Dans chaque État, les sondeurs demandent à un échantillon d’électeurs républicains s’ils sont «en colère» ou «insatisfaits» contre l’Etat fédéral: environ 90% répondent oui. Il y a quatre ans, une autre question était posée: soutenez-vous le Tea Party ? C’est cette souche de mécontentement que Donald Trump a saisie en la faisant prospérer mieux qu’aucun de ses prédécesseurs.
Rejet des élites
Cary Covington, politologue à l’Université de l’Iowa, voit une filiation avec le mouvement des électeurs de «l’ordre» dans les années 1960, les démocrates pro-Reagan des années 1980 ou encore la «majorité morale» des années 1990.
Leur point commun: au-delà de la déception envers un parti républicain jugé incapable de concrétiser ses promesses conservatrices, ces électeurs sont désabusés, désenchantés. «Le phénomène le plus significatif des 30 ou 40 dernières années est la défiance croissante des Américains envers leurs institutions politiques», dit Cary Covington à l’AFP. «Le puits du parti républicain est contaminé aux yeux de ce groupe. S’ils perçoivent un candidat comme proche de l’establishment, il devient inacceptable».
En théorie, Donald Trump était censé se heurter à un «plafond» mais dans le Nevada il a apparemment sauté: il y a remporté 46% des voix, bien plus que le tiers d’électeurs républicains auquel il était habitué à ce stade. Donald Trump a des réserves de voix car il n’est pas figé idéologiquement. Il fut longtemps démocrate. Cette année, sur les armes à feu et l’avortement, il est ultra-conservateur.
Il a par exemple affirmé mercredi, lors d’un forum à l’université chrétienne Regent à Virginia Beach, qu’il aurait un critère pour nommer de futurs juges à la Cour suprême: anti-avortement. Mais il sait aussi appâter les centristes, voire la gauche. Il répète qu’il veut abolir la réforme du système de santé de Barack Obama, qui vise à ce que chaque habitant soit assuré. En même temps, il formule une promesse équivalente: sous une présidence Trump, «personne ne mourra dans la rue parce qu’il est malade et n’a pas d’argent».

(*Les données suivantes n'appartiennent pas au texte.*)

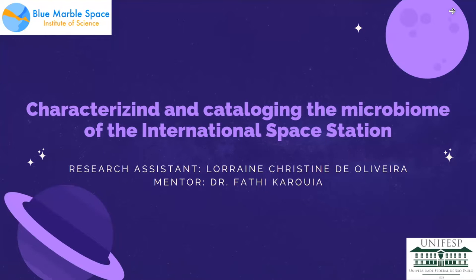Hi, my name is Lorraine. I'm from the Federal University of Sao Paulo in Brazil, and I am a research assistant at Blue Marby Space, and my mentor is Dr. Fati Karui. The research project I'm working on is characterizing and cataloging the microbiome of the International Space Station.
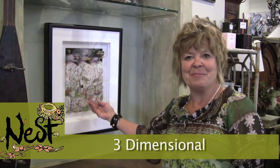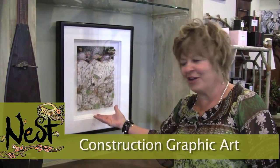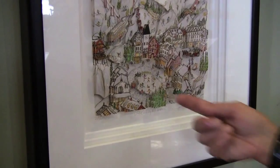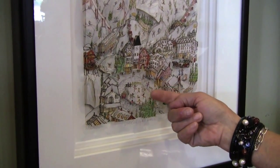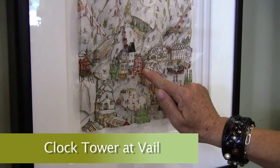Ness's Featured Item of the Week is this very interesting valley-wide, three-dimensional construction graphic art featuring the skating rink — it could be Solaris, it could be Beaver Creek — and the clock tower at Vail.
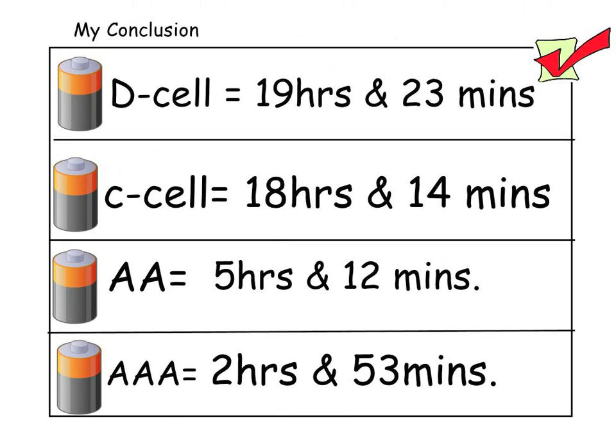My conclusion: the D cell battery lasted the longest. My guess was correct. It lasted 19 hours and 23 minutes. That must mean it has the most energy of all the batteries.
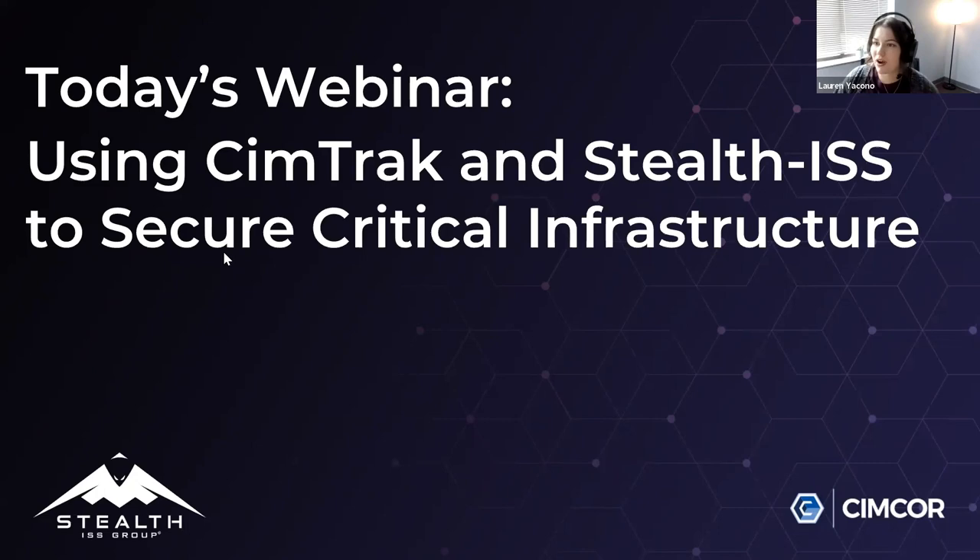All right, so today let's get started with our webinar. I'm really excited about this topic: using SimTrack and Stealth ISS to secure critical infrastructure. As cyber threats increase in sophistication and frequency, protecting your critical infrastructure has become more important than ever. But how can you ensure that your organization is truly secure? Today's webinar features experts from SimCorp and Stealth ISS who will discuss the latest strategies and technologies for securing critical infrastructure.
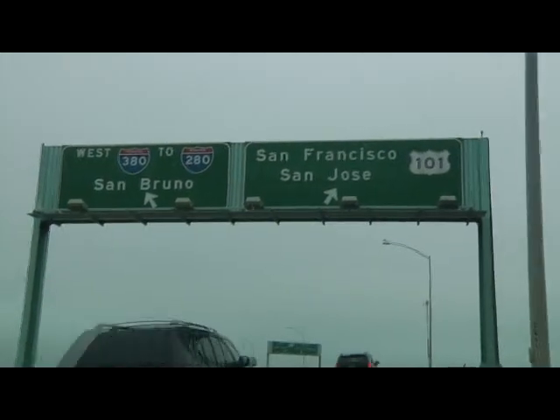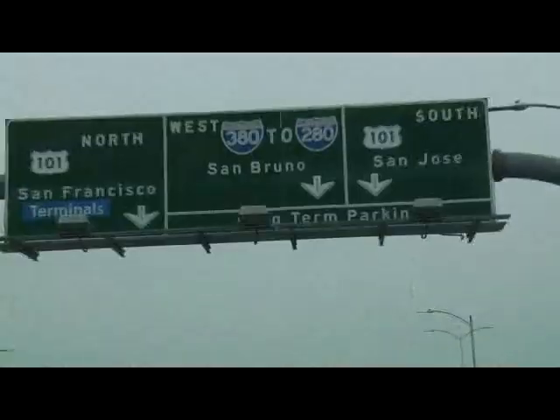Once on the airport road, look for traffic signs to highways 101 and 380 that will take you to San Jose and points south, or San Francisco and Oakland to the north.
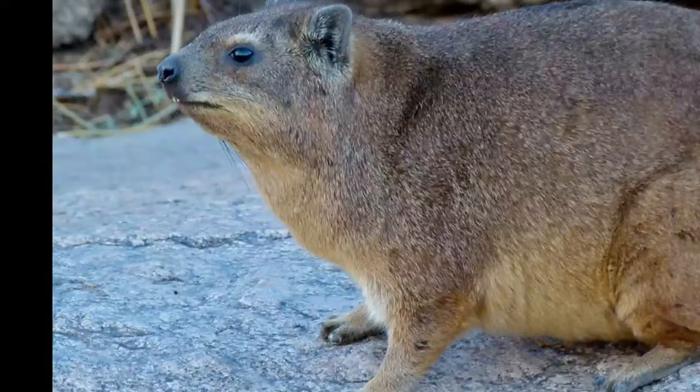Rock hyrax is threatened by habitat loss and by hunting, because of their fur and meat. Luckily, the population of rock hyrax in the wild is still large and they are not endangered.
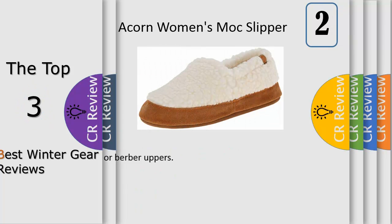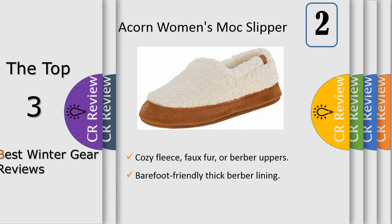Number two: slip on a pair of Acorn Mocs to discover the most comfortable slippers you'll ever wear. Cozy, stylish craftsmanship takes your feet from house to travel to bedroom, while offering premium cloud cushion memory foam technology for ultimate softness and comfort. Acorn moccasins keep your feet warm and dry indoors and outdoors, so you can step with confidence and comfort wherever your adventures take you.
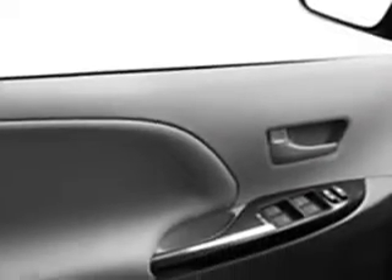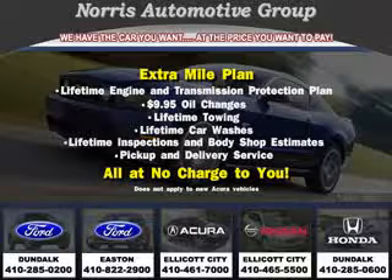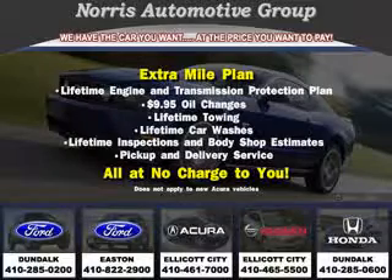Get where you need to go, enjoy the drive, and have peace of mind in this 2011 Toyota Sienna. See us at Norris Ford of Dundalk today. Visit our website at norrisautogroup.com or call 410-285-0200 for more information on purchasing your vehicle.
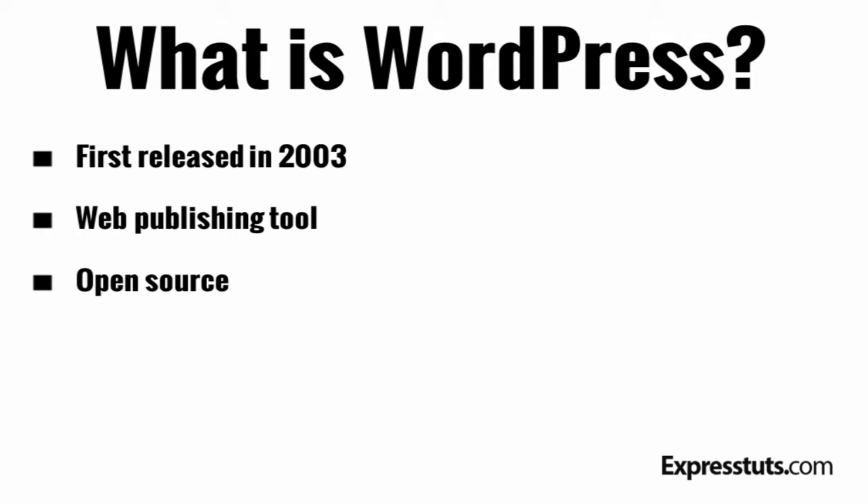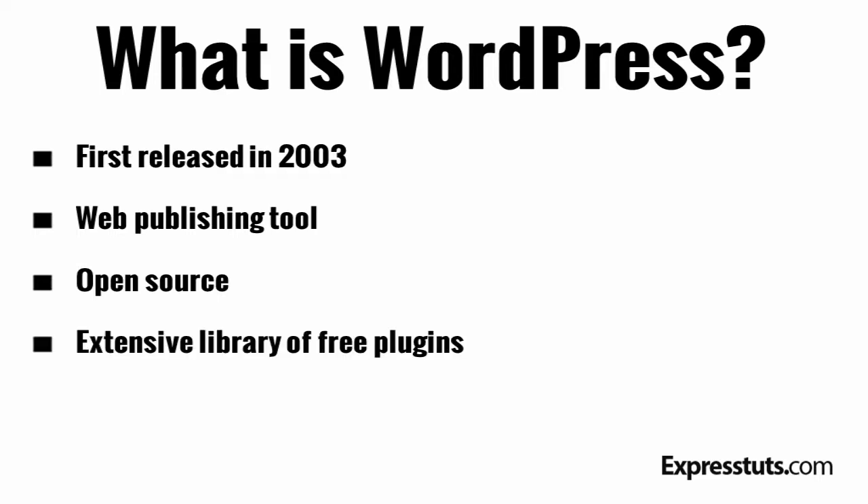One of the main features that make WordPress such a popular web publishing tool is the thousands of available plugins that you can add to your WordPress site that will dramatically enhance its functionality. So if you decide to sell on your website, you can get a plugin that will do just that for you and you can be selling from your website in minutes.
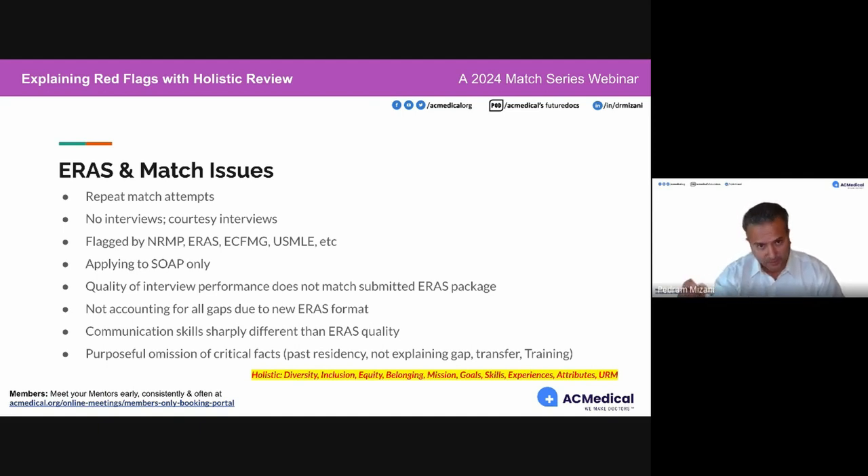US medical seniors match at around 93-94%, osteopathic seniors at 92%, international medical graduates between 58 and 62%, and US medical graduates re-applicants between 40 and 44%. If a US medical graduate with a 94% chance of matching did not match, there's probably something going on. It is a little bit more concerning when a US medical senior does not match.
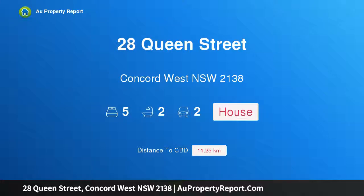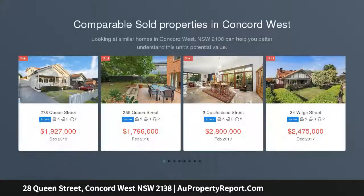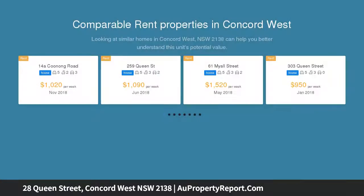I am glad to introduce property 28 Queen Street, Concord West, New South Wales 2138. A spacious modern home offering a superb family package, this great looking home's generous accommodation, up-to-date finishes, and outdoor entertainment areas all highlight its excellent lifestyle appeal.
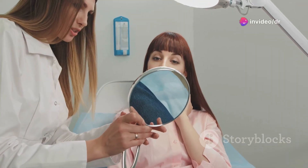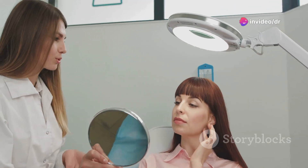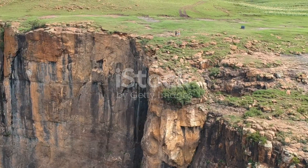So next time you look in the mirror, remember, you're seeing an incredible, complex system at work. Stay curious and keep exploring. That's anatomy and physiology in a nutshell. See you next time.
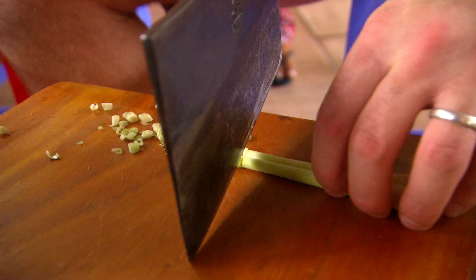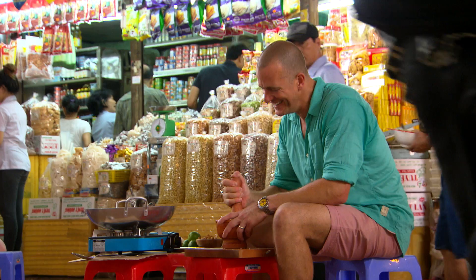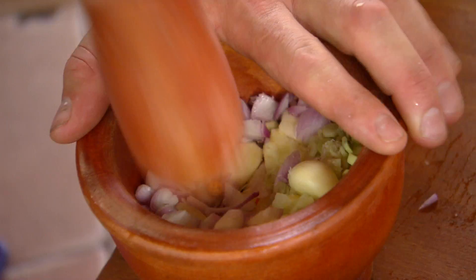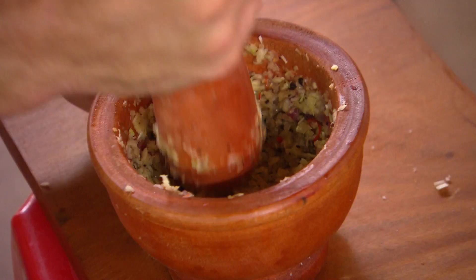We'll add some ginger, lemongrass, garlic, chilli and some shallots, and give it a good old pound together. It is a bit more like hard work, but making a flavour base in a mortar always gives you a better flavour than using a food processor. I reckon it's totally worth the effort.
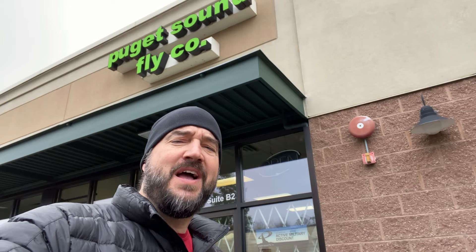Before we go into the Puget Sound Fly Company, I'm hoping that you'll do me a solid. What I need you to do is hit the thumbs up button for me, consider making a comment, and if you haven't subscribed, consider subscribing. This channel is full of positive energy, great fly fishing content, a lot of how-tos, and just me really sharing my passion for the sport.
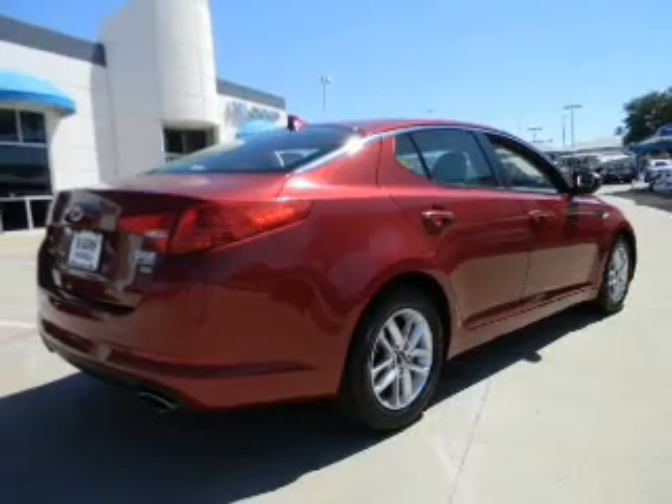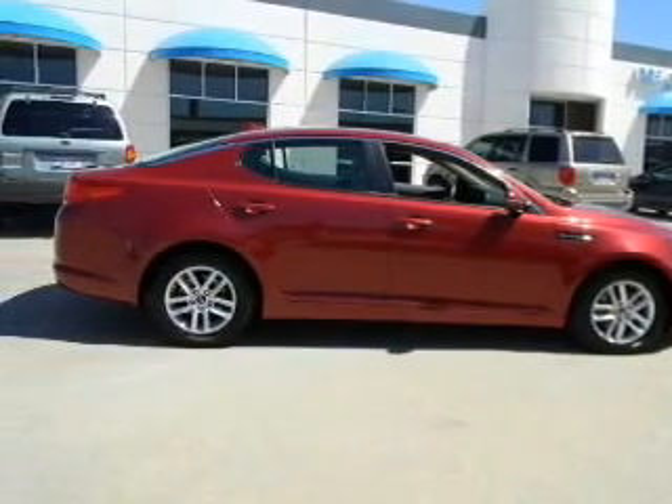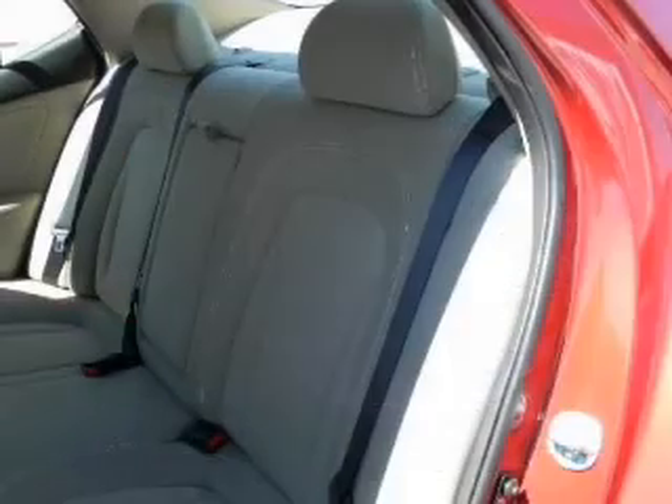Power door locks, power windows, Bluetooth wireless, an AM-FM stereo with a CD player, satellite radio, power mirrors, power steering. Let us put you in the driver's seat today. Call or click to contact us.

«Je suis conservateur, au fait, pour information», a-t-il précisé en meeting mardi. Mais même sa vision du capitalisme est teintée de protectionnisme: «Je crois au libre-échange, mais il faut que ce soit intelligent, on ne peut pas continuer à se faire arnaquer». Pour Cary Covington, cette flexibilité idéologique pourrait faire de Donald Trump un président in fine plus acceptable pour l’appareil républicain que Ted Cruz, champion d’une droite idéologique et intransigeante, d’ailleurs détesté par la plupart de ses collègues du Congrès.